DIRECTIONS FOR THIS TASK: Exactly as written, return all the data, leaving its pictures behind.

PROVIDED MATERIAL:

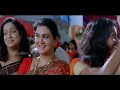കൂടുതൽ വിളച്ചിൽ എടുക്കല്ലെ Mummy Me Kunchacko Boban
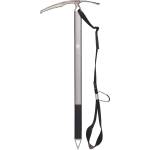 Black Diamond Ледокоп Black diamond Raven Ice Axe With Grip Ice axe - Metal - размер 55 cm (404-0157-0111)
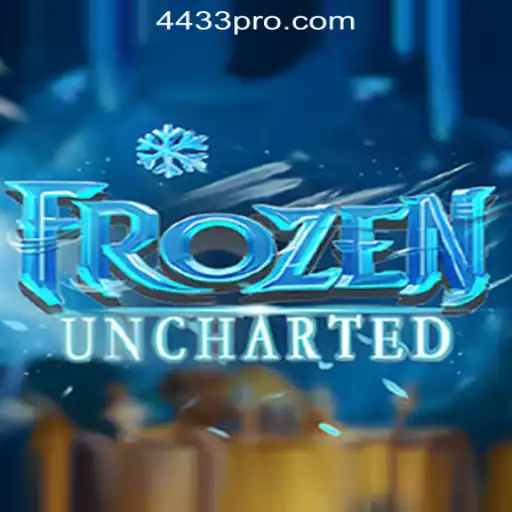 Discovering FrozenUncharted: A Comprehensive Guide to the Game's Adventure and Excitement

REPLY:
കൂടുതൽ വിളച്ചിൽ എടുക്കല്ലെ Mummy Me Kunchacko Boban
 Black Diamond Ледокоп Black diamond Raven Ice Axe With Grip Ice axe - Metal - размер 55 cm (404-0157-0111)
 Discovering FrozenUncharted: A Comprehensive Guide to the Game's Adventure and Excitement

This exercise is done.